▶ [DATA SHOWN]
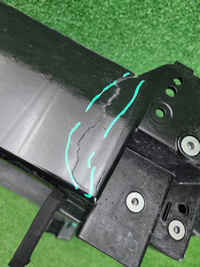 Телевизор Geely Atlas Pro (2021-2025)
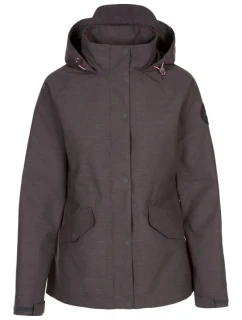 Dívčí nepromokavá bunda Trespass DLX Hannah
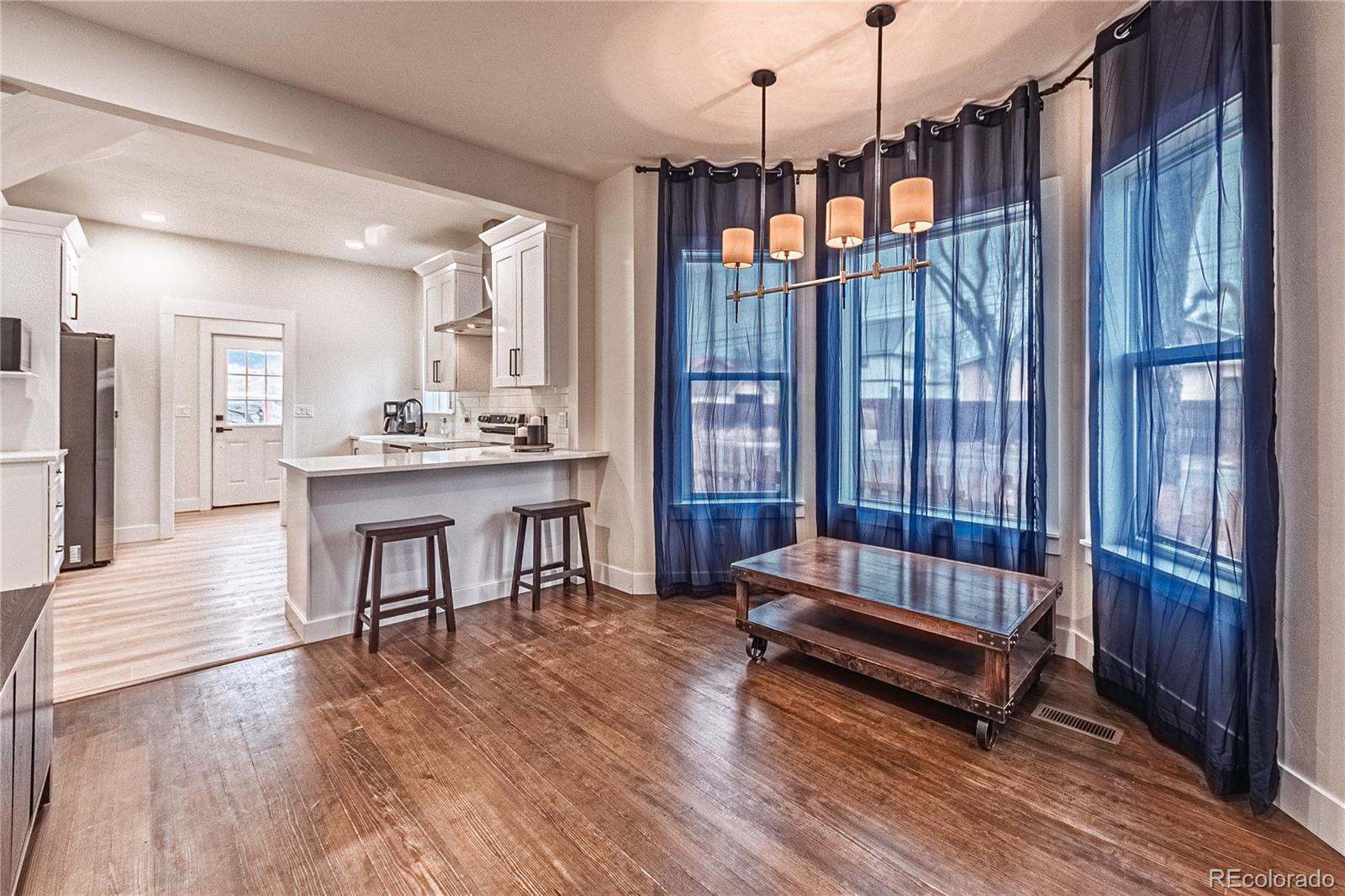 MLS Image #7 for 2628  beacon street,colorado springs, Colorado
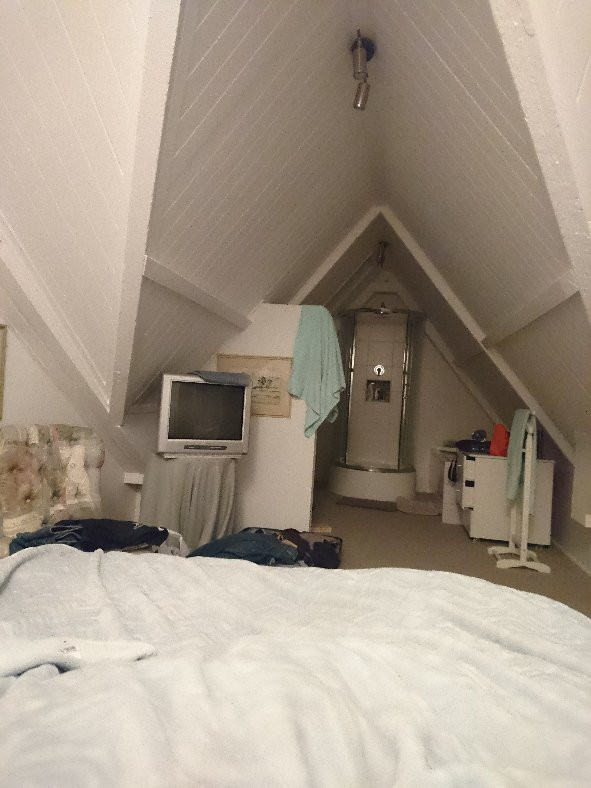 The Pink Lady Guesthouse主图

▶ [WHAT YOU ARE ASKED TO DO] A faithful copy of the data is required: each word kept, each picture omitted.

▶ [ANSWER FOR THE TASK]
 Телевизор Geely Atlas Pro (2021-2025)
 Dívčí nepromokavá bunda Trespass DLX Hannah
 MLS Image #7 for 2628  beacon street,colorado springs, Colorado
 The Pink Lady Guesthouse主图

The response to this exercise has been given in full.